I’m not normally one to be picky about my yoga environment. Once upon a time in the halcyon days of 2016 when I lived in Minnesota, my favorite place to practice was outdoors, at sunrise, at the Lake Harriet Bandshell. I’ve been known, though, to make use of a towel on my living room floor or to pop (obnoxiously) into tree pose in line at the grocery store. For some reason though, practicing in silence this morning was unexpected and, at first, threw me off badly.
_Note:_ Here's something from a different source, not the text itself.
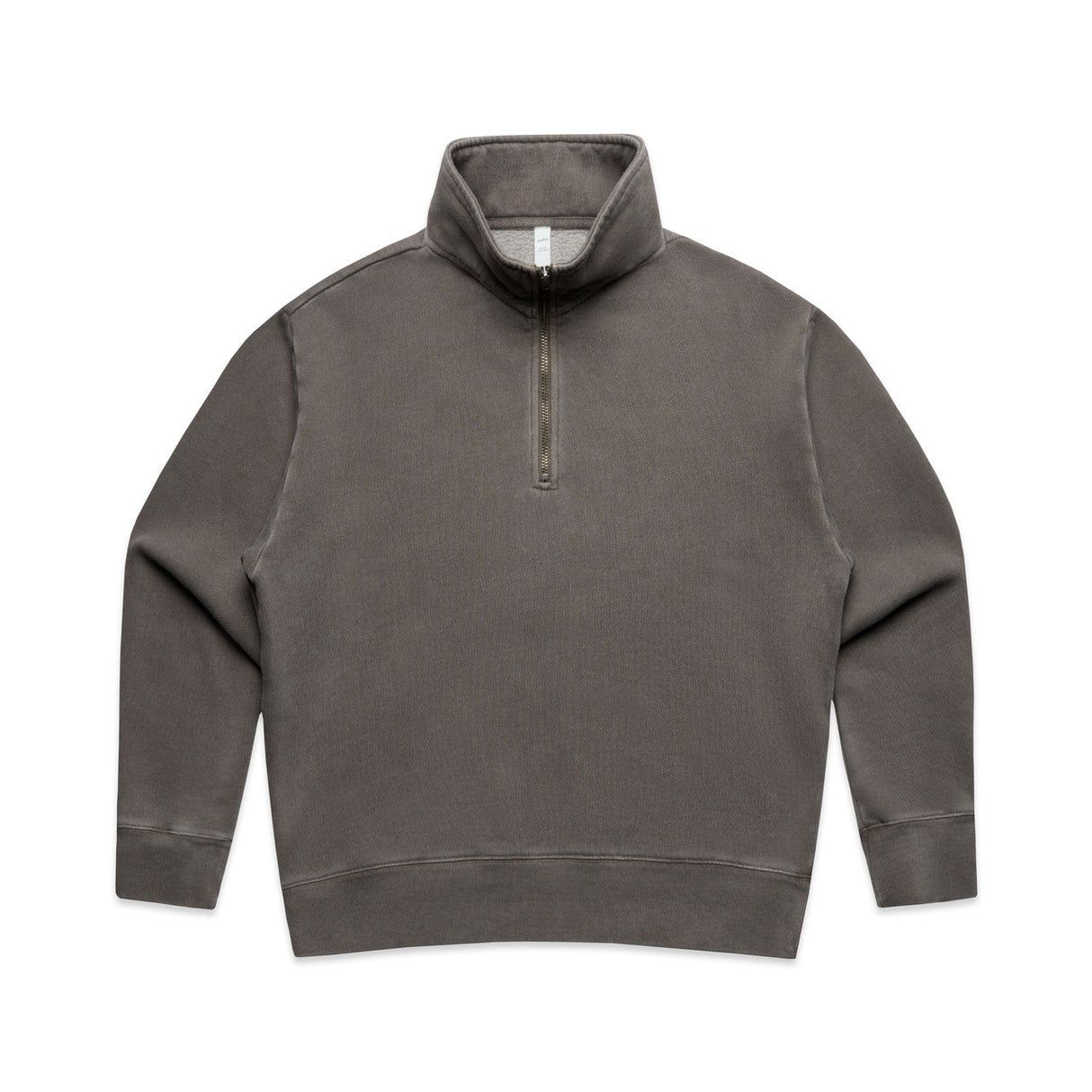 WOS RELAX FADED HALF ZIP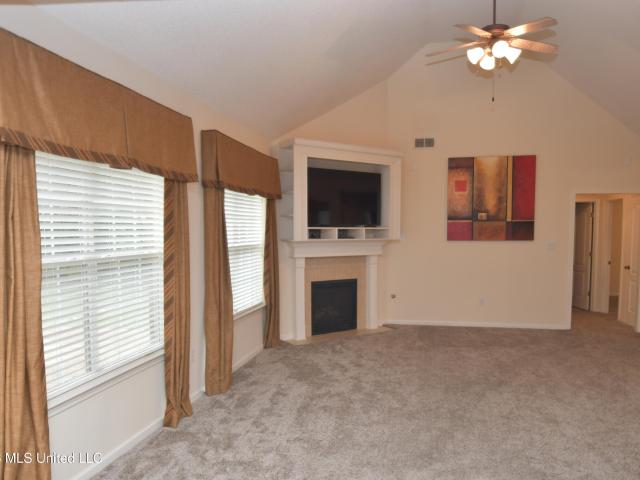 House for sale in Hernando, Mississippi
Hearing my labored, utterly anti-zen breathing through a particularly onerous Warrior series kept taking me out of my head…as did a runny nose and lingering anxiety and stress from last night.
Anxiety and stress have felt like two of my closest companions lately, and I’m fighting to learn to live with them hovering just underneath my ribcage, somewhere in the vicinity of my cardiovascular system. There are certain interpersonal situations in my daily life that are making things a bit challenging - finding out coworkers have said shitty things behind my back. Overloading myself at work in the incessant drive to achieve more and perform better. Learning, always learning, to live with others in a way that doesn’t compromise my happiness or well-being…and fighting to retain a sense of self when they hit me hardest where they know (or, maybe don’t even realize) it hurts the most.
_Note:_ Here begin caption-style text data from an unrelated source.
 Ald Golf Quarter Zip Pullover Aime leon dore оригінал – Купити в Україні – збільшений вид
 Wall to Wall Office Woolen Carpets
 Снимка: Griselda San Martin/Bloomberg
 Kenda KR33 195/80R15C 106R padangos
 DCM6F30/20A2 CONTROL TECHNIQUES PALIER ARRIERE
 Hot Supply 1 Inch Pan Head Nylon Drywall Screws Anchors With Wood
I found myself in bed last night with a racing heart and shaking hands, tears almost-but-not-quite spilling over, and needed to take five minutes to breathe and try to re-center - to rationalize myself through an entirely emotional, visceral panic response to a situation over which I had minimal control. As I closed my eyes, I clung tight to something Nazima said yesterday in the car on the way home from Sonoma. In her posh, cut-glass British accent (I die, every time), she said, completely casually, “I feel that if we cut you open - which we’d never do, as we cherish you - we’d find you full of sunshine and glitter. And sugar. Pure sugar, no saccharine.” I’ll confess, at that moment it wasn’t merely residual petit verdot and cabernet warming me up inside. Lately, it’s felt like if I cut myself open, I’d find thorns and stretched-out rubber bands and maybe an entire ocean of salt and bile. Bruised apples and a linear series of paper cuts, just shallow enough to sting. Maybe a deflated balloon or two for good measure.
But I digress.
At yoga this morning, as sweat pooled in every crevice on my body and my breath grew less zen and more “when will this be over,” Nina, our ballet-elegant swan of an instructor, offered up the mantra for the class. For some reason today, it resonated more than they usually do, and I’m not sure if it was the silence or my sheer need that made it stick. She intoned, just as my right thigh completely burned out and I almost fell out of my chair pose, “Stay in your peace, stay in your power.” Quel coup de foudre, or maybe a coup de grace - the kill shot for that maelstrom of sadness and negativity and anxiety I’d been carrying through the first forty-five minutes.
It’s resonated through my head for the ensuing three hours of my day…stay in your peace, stay in your power. Because that’s the thing, isn’t it? STAY in your peace. STAY in your power. It implies that we all innately have both to begin with, and all I have to do is to find that place within me and stay there. Somehow the thought has knit itself together with Nazima’s affirmation from yesterday, and all of a sudden I’m resting in myself in a space of sunshine and glitter, power and peace, lightness and positivity and grace. (Side note: Squarespace appears to not think positivity is a properly-spelled word, and now I’m in my head.) This mental reset, this wellspring of internally-driven agency and serenity, is starting to wash away the temptation to linger in the places where others have hurt me - the fixation on replaying the unkind words, the mocking jabs, and the cavalier silences. Instead, I’m choosing to repeat the uplift that I’ve so generously been offered not once but TWICE in the space of twenty-four hours, by people who had no idea how badly I (consciously or subconsciously) needed it.